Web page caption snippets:

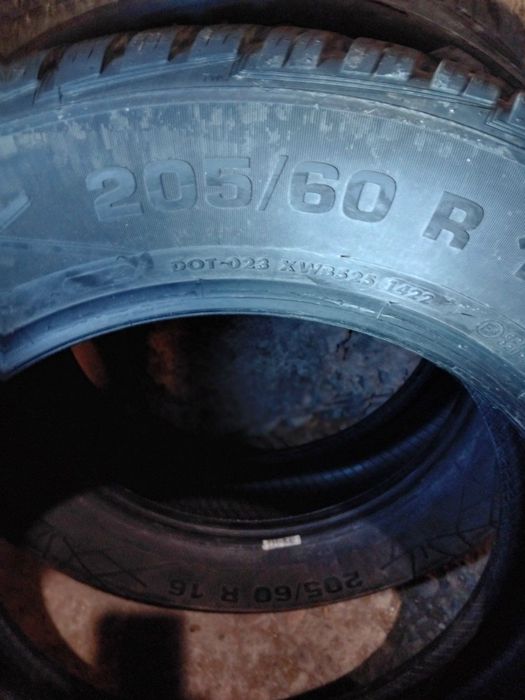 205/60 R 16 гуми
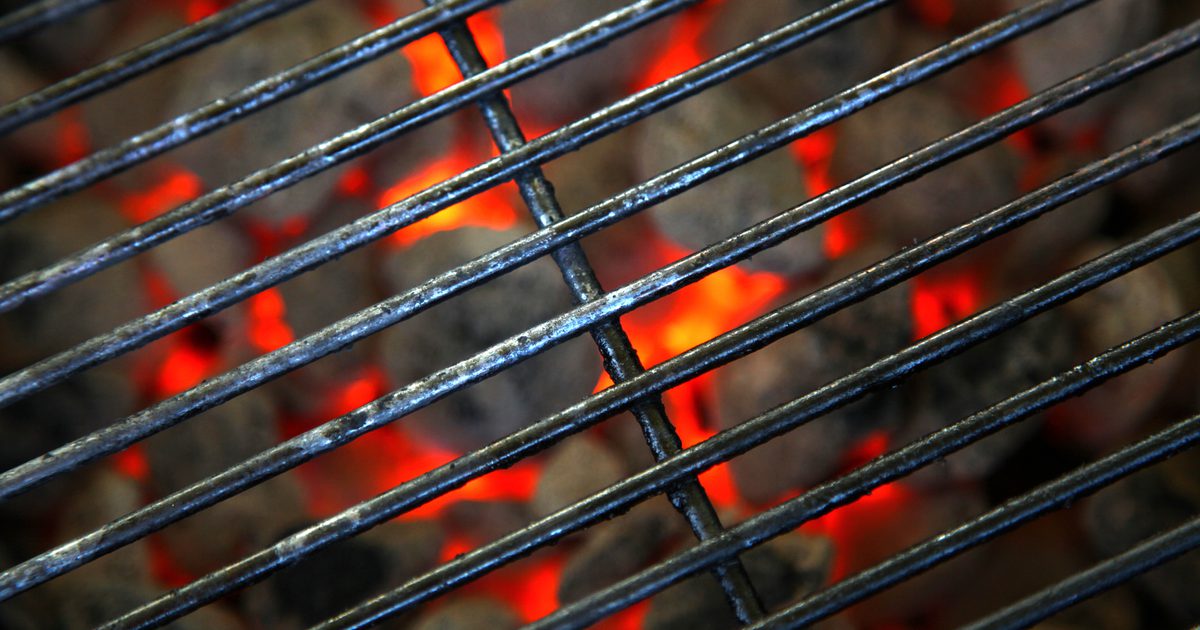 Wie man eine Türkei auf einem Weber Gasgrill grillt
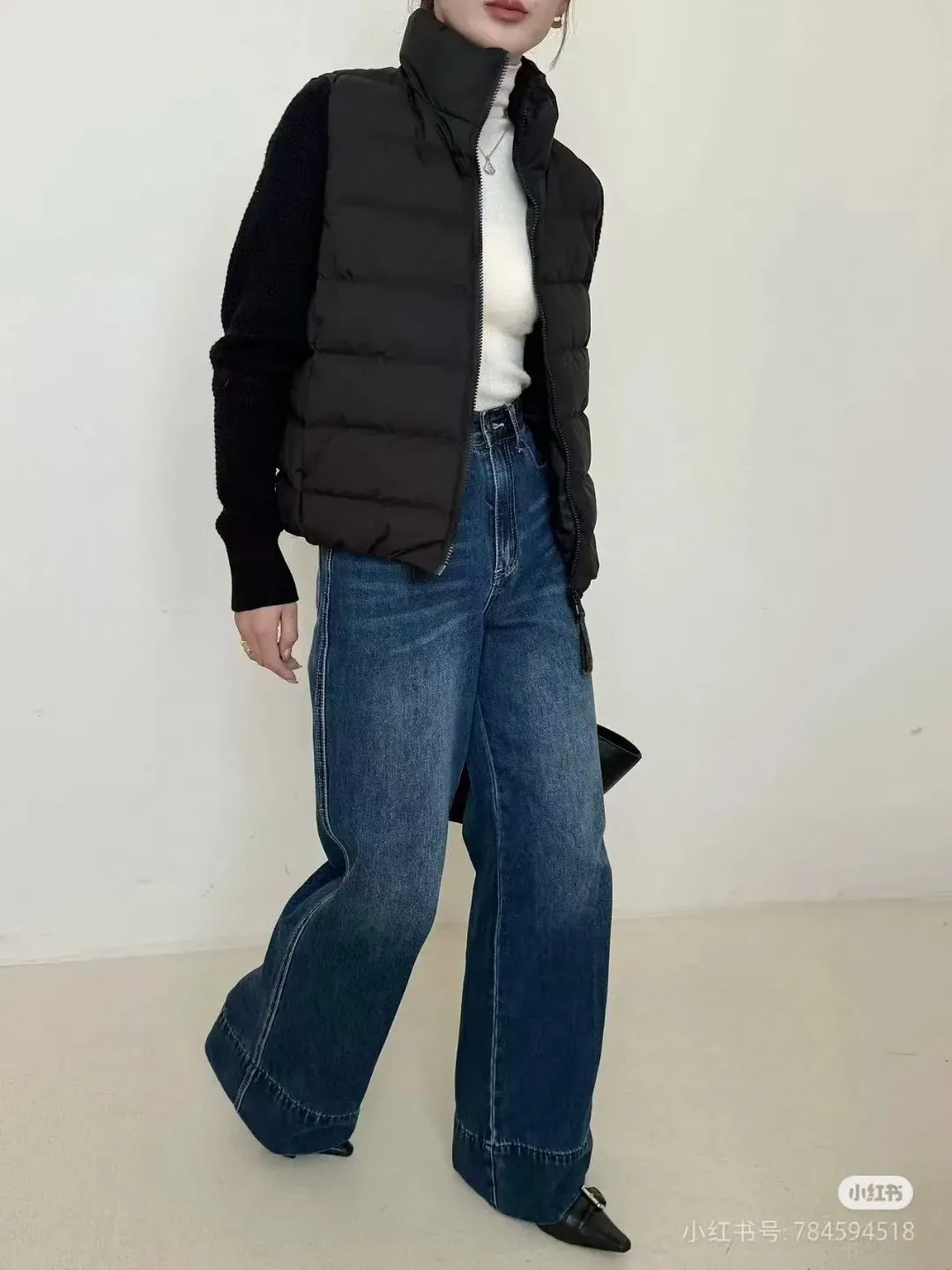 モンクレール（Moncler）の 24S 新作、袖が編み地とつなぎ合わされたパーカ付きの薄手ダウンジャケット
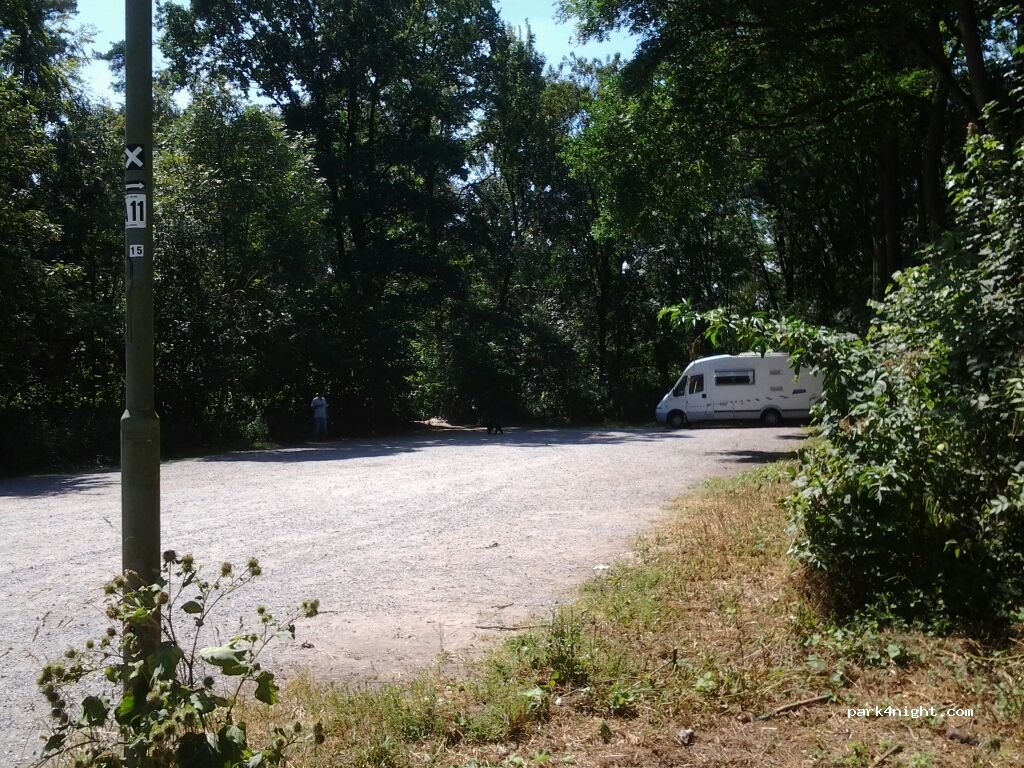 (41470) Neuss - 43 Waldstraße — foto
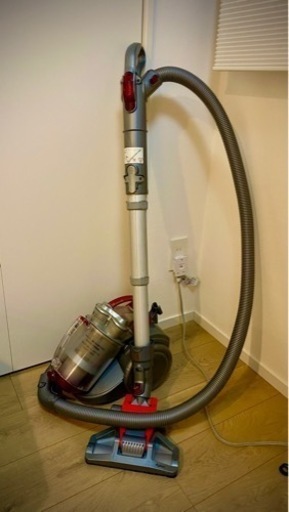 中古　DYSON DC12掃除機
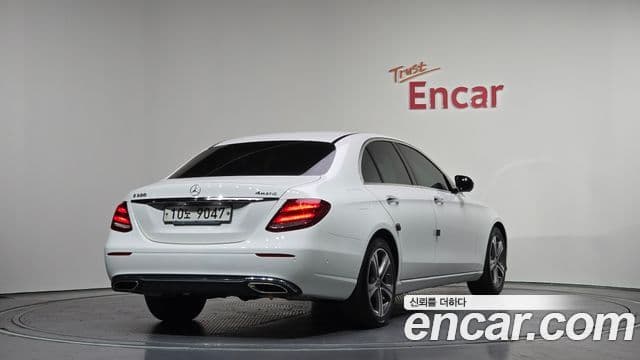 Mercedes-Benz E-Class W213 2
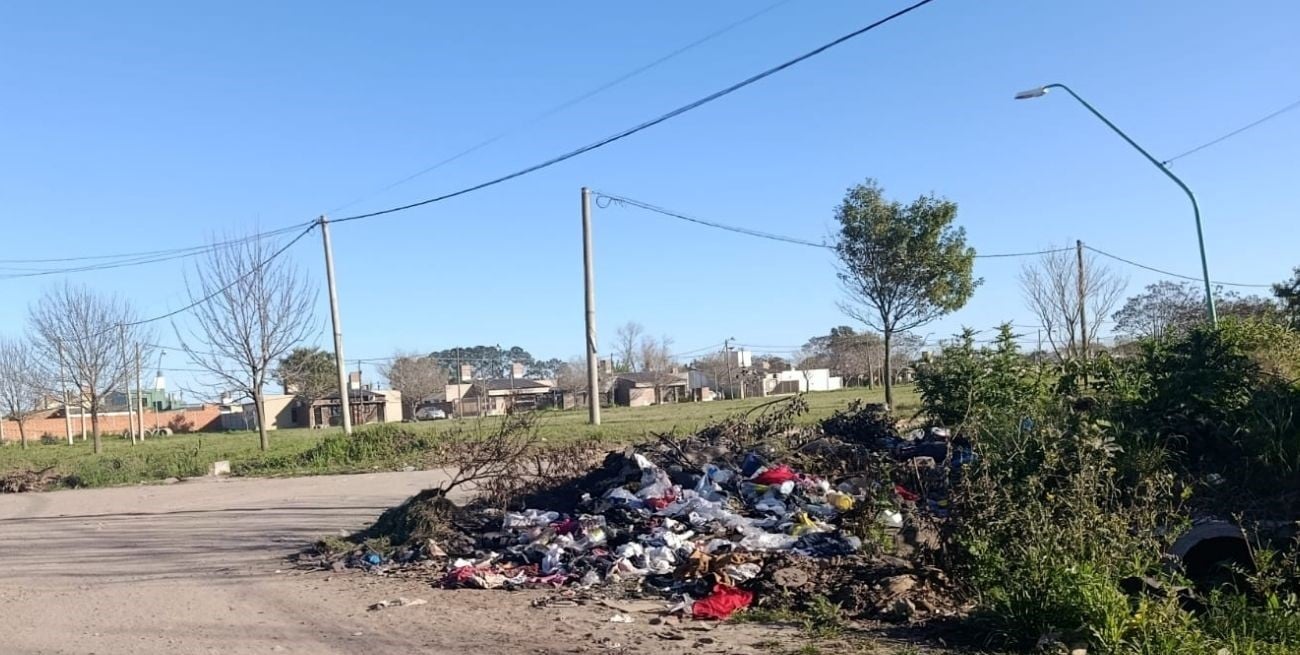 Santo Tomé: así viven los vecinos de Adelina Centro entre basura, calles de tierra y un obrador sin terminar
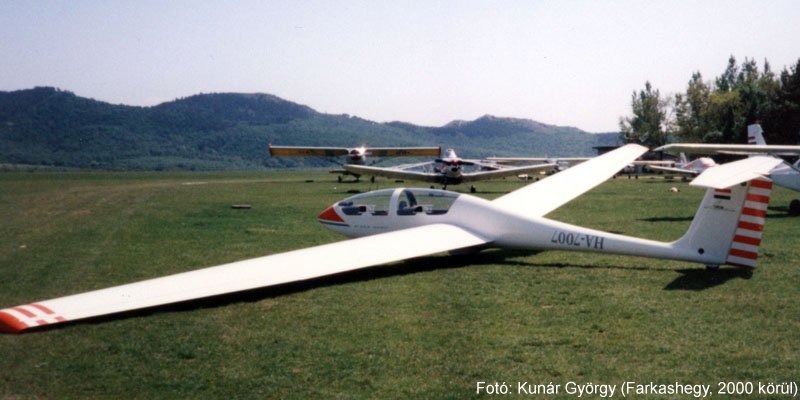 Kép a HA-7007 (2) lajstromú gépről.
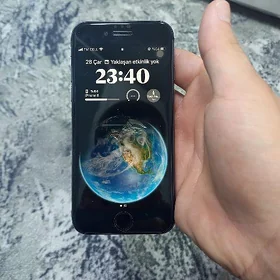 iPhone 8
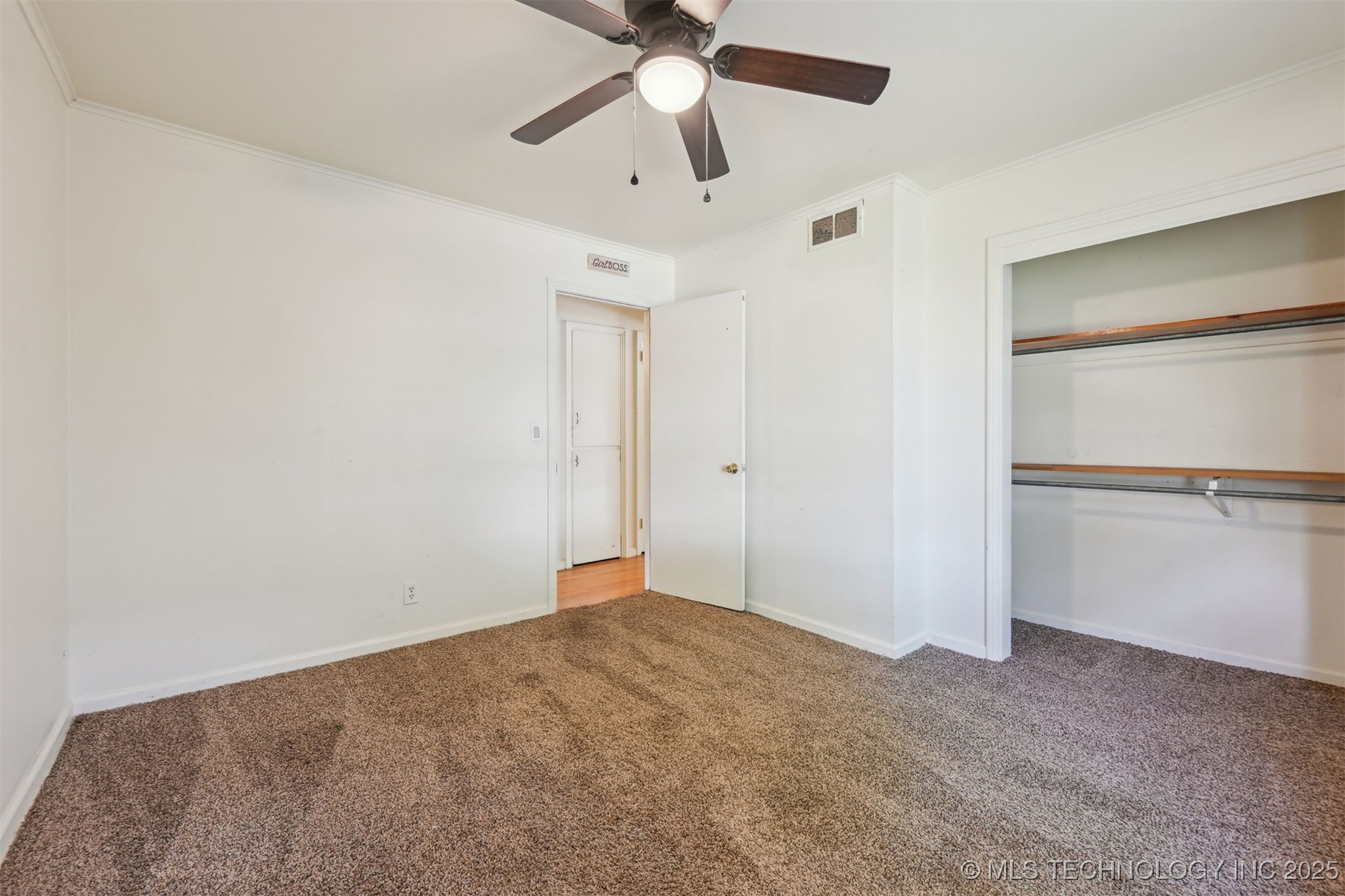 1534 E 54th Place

### Task brief
Copy out every entry above word for word; omit the images.

### Output for this task
 205/60 R 16 гуми
 Wie man eine Türkei auf einem Weber Gasgrill grillt
 モンクレール（Moncler）の 24S 新作、袖が編み地とつなぎ合わされたパーカ付きの薄手ダウンジャケット
 (41470) Neuss - 43 Waldstraße — foto
 中古　DYSON DC12掃除機
 Mercedes-Benz E-Class W213 2
 Santo Tomé: así viven los vecinos de Adelina Centro entre basura, calles de tierra y un obrador sin terminar
 Kép a HA-7007 (2) lajstromú gépről.
 iPhone 8
 1534 E 54th Place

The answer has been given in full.